This model makes the upper pad tiltable and movable in response to the weight of a chip floating on the upper pad.

- The datafile is basically bga-10.fe, with "tilt", "x_offset", and "y_offset" as optimizing parameters.
- The "tilt" parameter is given a "scale" attribute of 10000 in the datafile. The "scale" is a factor that multiplies the gradient of an optimizing parameter to give its velocity of change. There can be a big mismatch between the natural rate of change of optimizing parameters and vertices, and the "scale" attribute can help match them. Without a big "scale", the tilt would change extremely slowly, as the small motions of the vertices completely dominate the overall "scale factor" (which is reported by the "g" command).
- The weight of the top chip is implemented by creating a center of mass vertex (vertex 14), using boundary 2 to define its position, and giving it a gravitational potential energy in the "pad_energy" named quantity.

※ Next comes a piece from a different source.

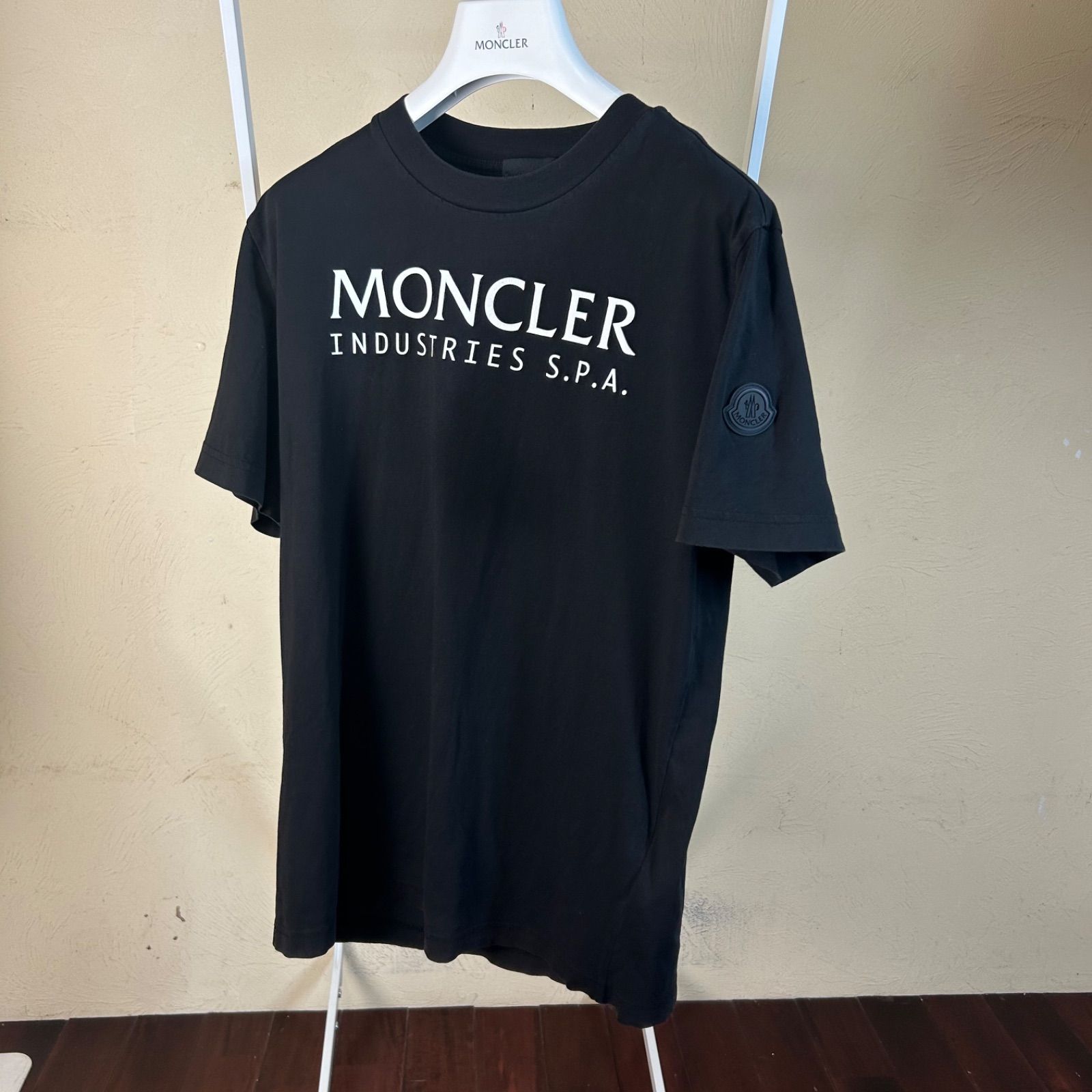 新作】 モンクレール MONCLER半袖Tシャツラバーワッペン黒S - メルカリ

- Note that the "hessian" command reports that the Hessian is not positive definite, that there is one negative eigenvalue. This means the equilibrium point is a saddle point. If tilt in both directions had been implemented, there would have been two negative eigenvalues.
- Ordinary iteration can be very slow to move off a saddle point, being gradient descent, especially when there is symmetry. Hence there is a command "saddle" that uses the most negative eigenvalue as the direction of motion, and seeks in that direction for minimum energy. Do "saddle" after "gogo" to see the effect. "Saddle" reports the stepsize, which is the multiple of the eigenvector that it found gave the most energy decrease.
- If there is no negative eigenvalue, "saddle" does nothing.
- If the volume constraint is not exactly satisfied, energy increase due to satisfying the constraint may mask the energy decrease due to the eigenvector, and "saddle" will report a zero motion. This is why there are three uses of "hessian" in gogo, since two left the volume constraint not quite exact enough.
- If you do "hessian" when the chip is slightly off-center, then the chip will move back towards the central equilibrium. This emphasizes the point that "hessian" is seeking equilibrium configurations, not necessarily energy minima.
- A point to ponder: with positive gravity, are there any stable configurations with zero tilt, or will the upper chip always slide off sideways?